Type out the data exactly as given. Skip any image.

(Caption-style text data)
○ ○ ○ ○ ○

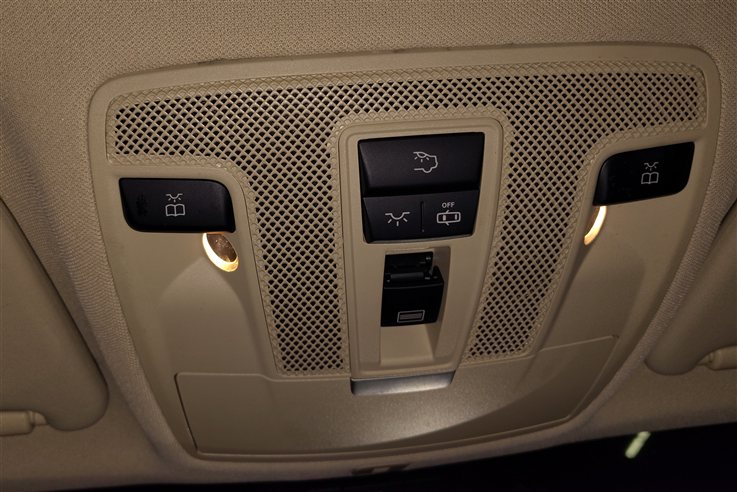 Thumbnail 2: 15-20 MERCEDES CLA GLA CLASS X156 C117 FRONT OVERHEAD DOME LIGHT LAMP (Beige)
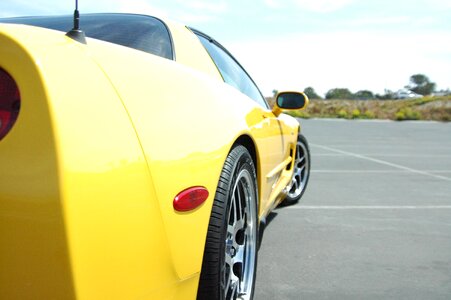Car z06 yellow car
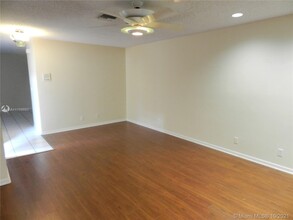 11196 Longboat Dr in Hollywood, FL - Building Photo - Building Photo
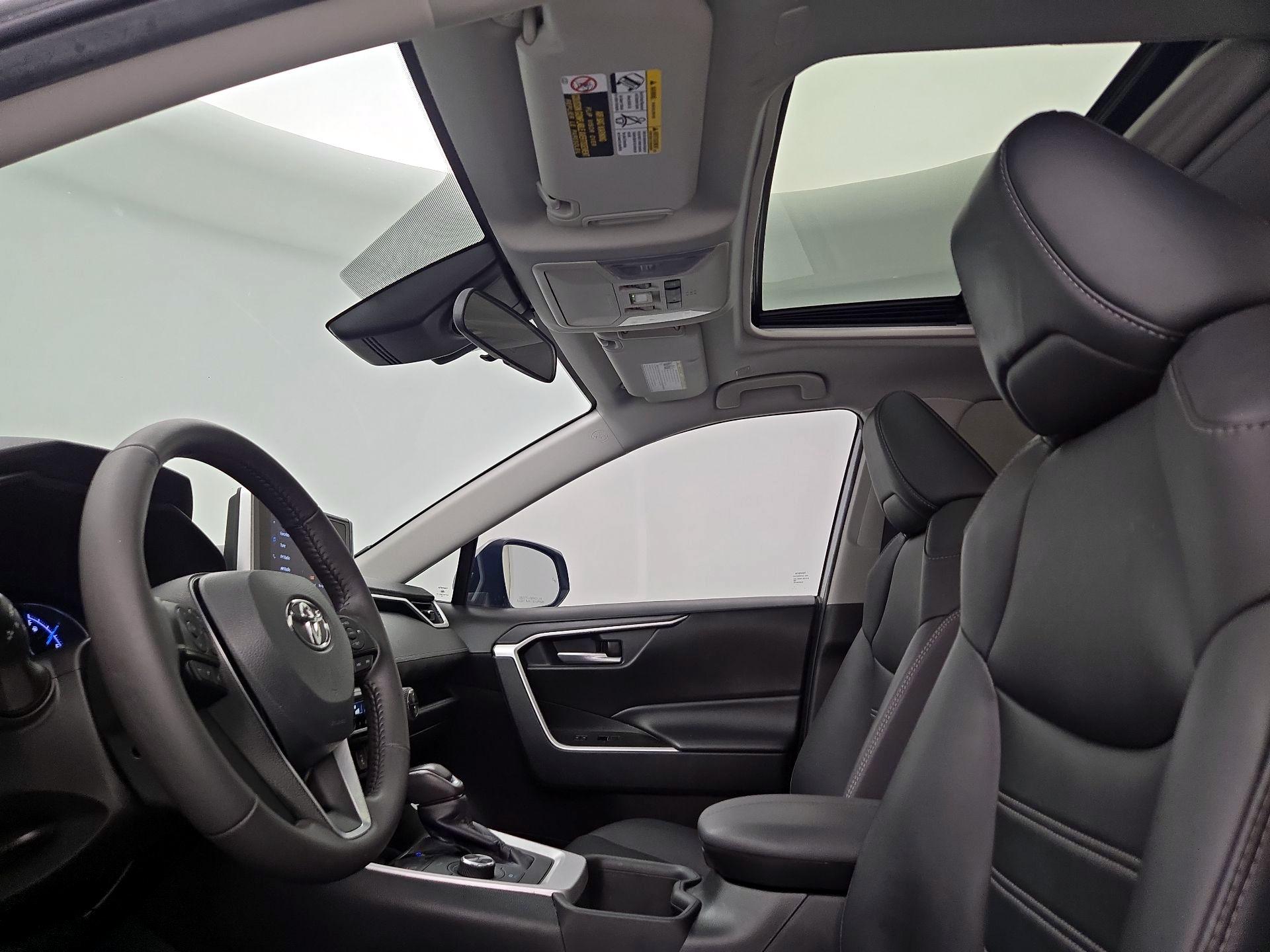 Thumbnail: 2025 Toyota RAV4 - 19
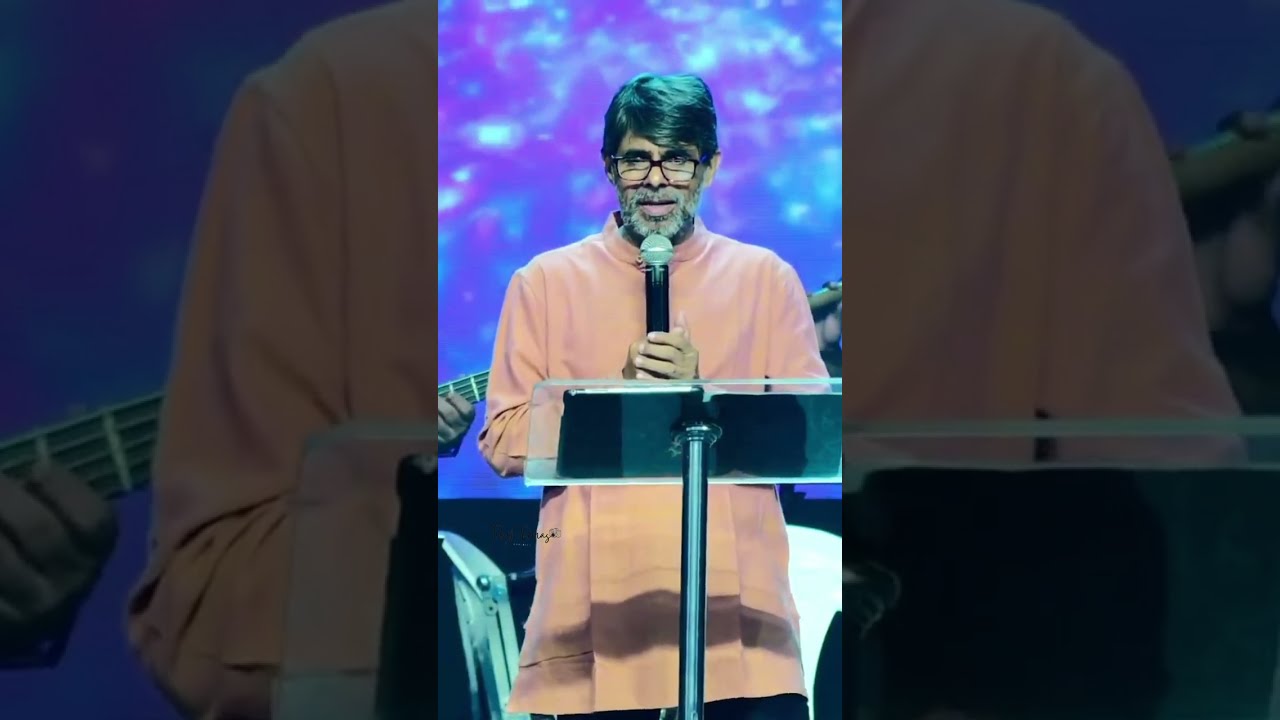 #kesterlive എൻ പ്രിയനേ യേശുവേ രക്ഷകാ #kester #kesterhits #kesterdevotionalsongs #kestersongs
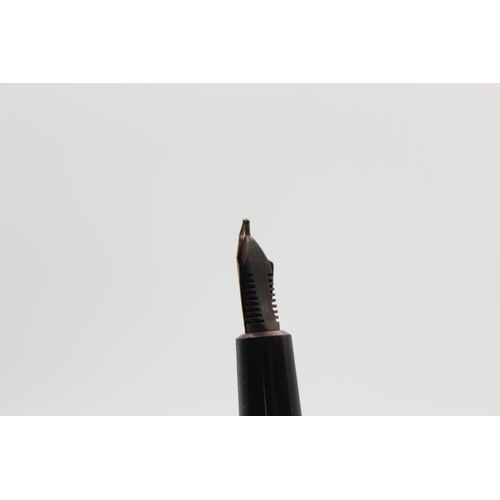 Vintage PARKER Duofold Black FOUNTAIN PEN w/ 14ct Gold Nib WRITING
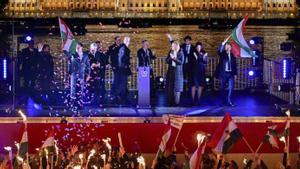 Les urnes hongareses donen la victòria a l’oposició i enfonsen Orbán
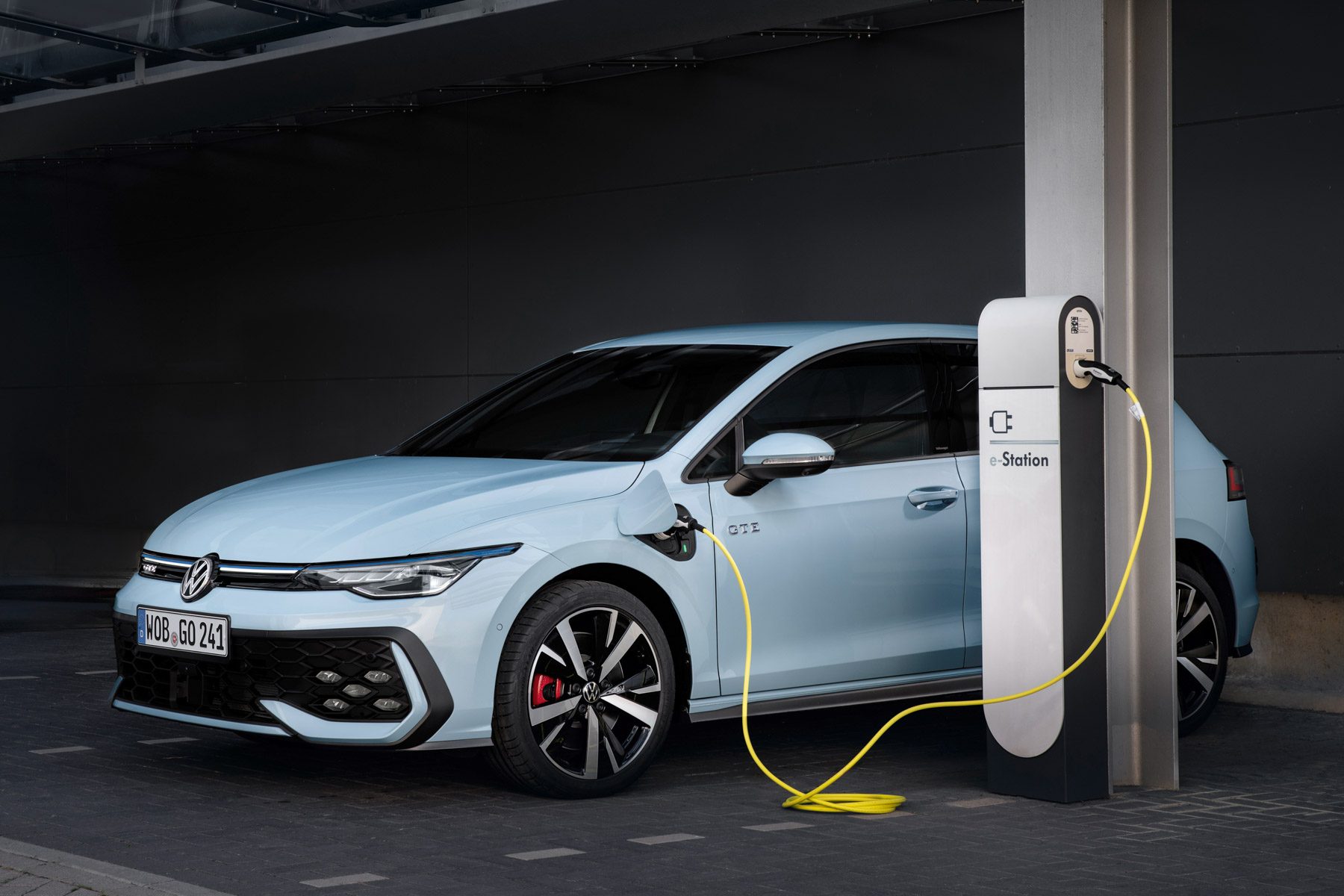 Aufgefrischter VW Golf 8 als Plug-in-Hybrid bestellbar - electrive.net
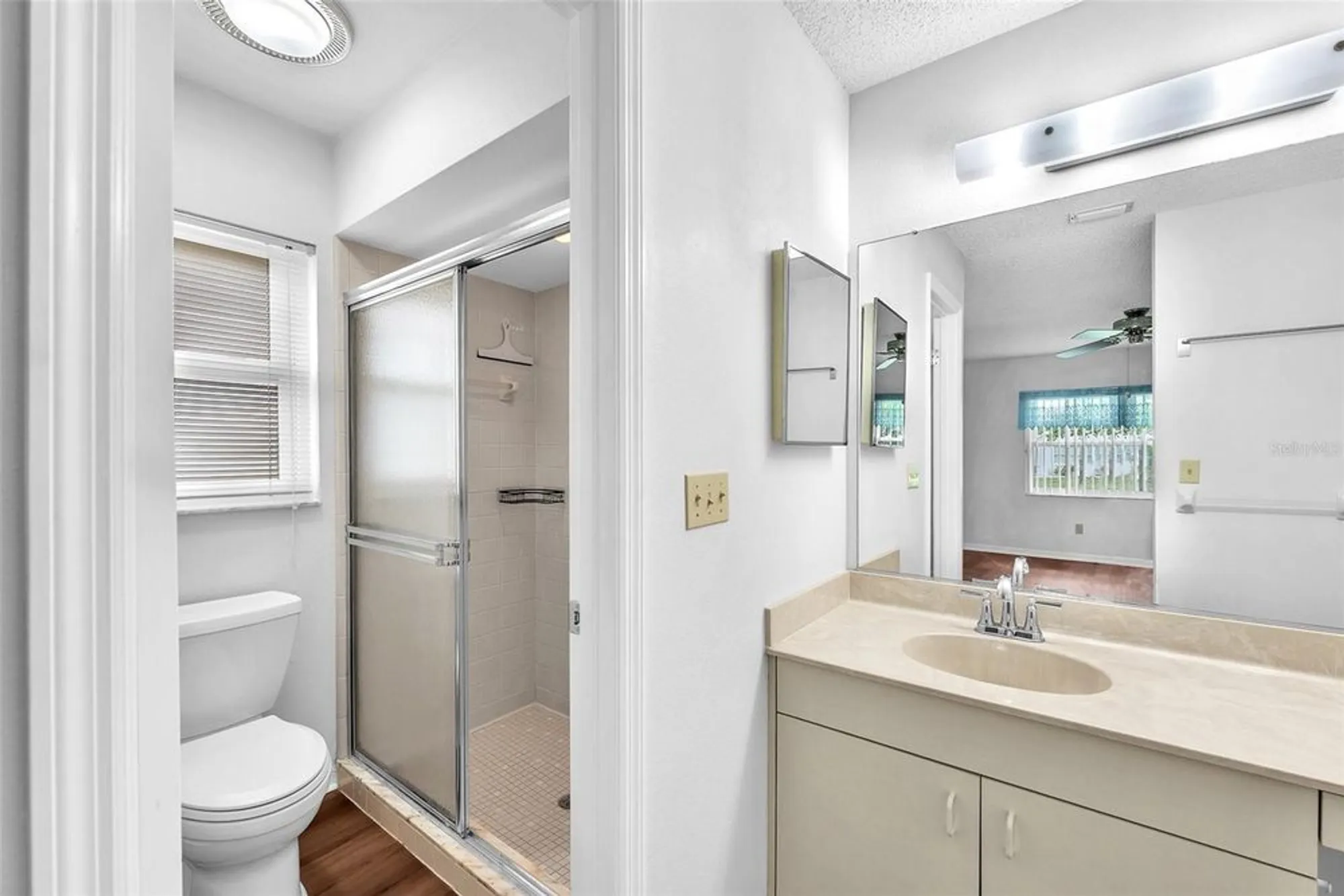 Property Slideshow image 12 of 39 | 904 sun key ct, Sun City Center, FL, 33573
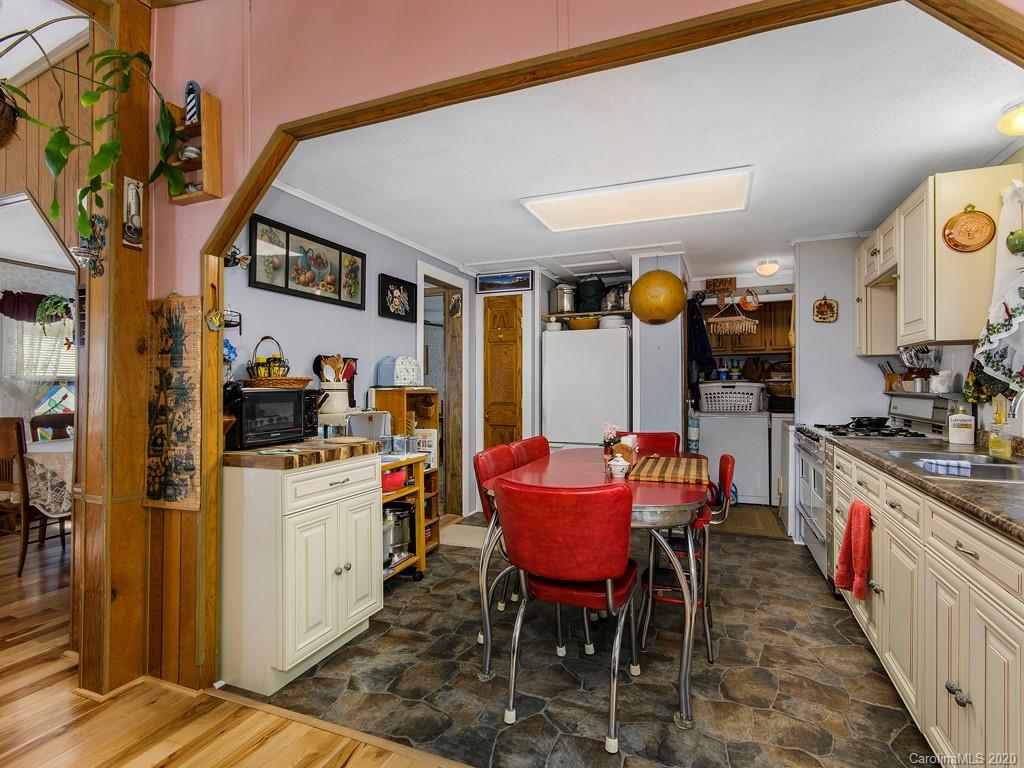 888 Hall Top Road Waynesville, NC 28786 - Photo 7 of 17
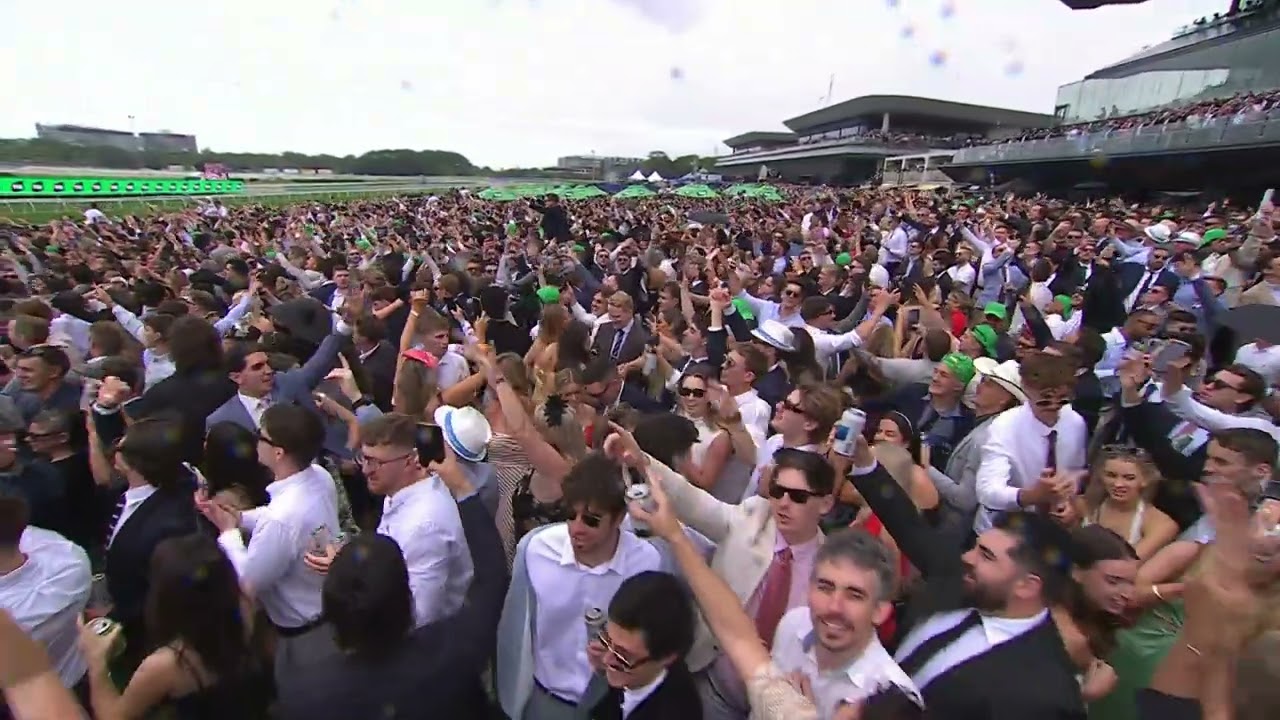 THE CROWD BELTS OUT SWEET CAROLINE | THE TAB EVEREST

○ ○ ○ ○ ○

Exercise output:
 Thumbnail 2: 15-20 MERCEDES CLA GLA CLASS X156 C117 FRONT OVERHEAD DOME LIGHT LAMP (Beige)
Car z06 yellow car
 11196 Longboat Dr in Hollywood, FL - Building Photo - Building Photo
 Thumbnail: 2025 Toyota RAV4 - 19
 #kesterlive എൻ പ്രിയനേ യേശുവേ രക്ഷകാ #kester #kesterhits #kesterdevotionalsongs #kestersongs
 Vintage PARKER Duofold Black FOUNTAIN PEN w/ 14ct Gold Nib WRITING
 Les urnes hongareses donen la victòria a l’oposició i enfonsen Orbán
 Aufgefrischter VW Golf 8 als Plug-in-Hybrid bestellbar - electrive.net
 Property Slideshow image 12 of 39 | 904 sun key ct, Sun City Center, FL, 33573
 888 Hall Top Road Waynesville, NC 28786 - Photo 7 of 17
 THE CROWD BELTS OUT SWEET CAROLINE | THE TAB EVEREST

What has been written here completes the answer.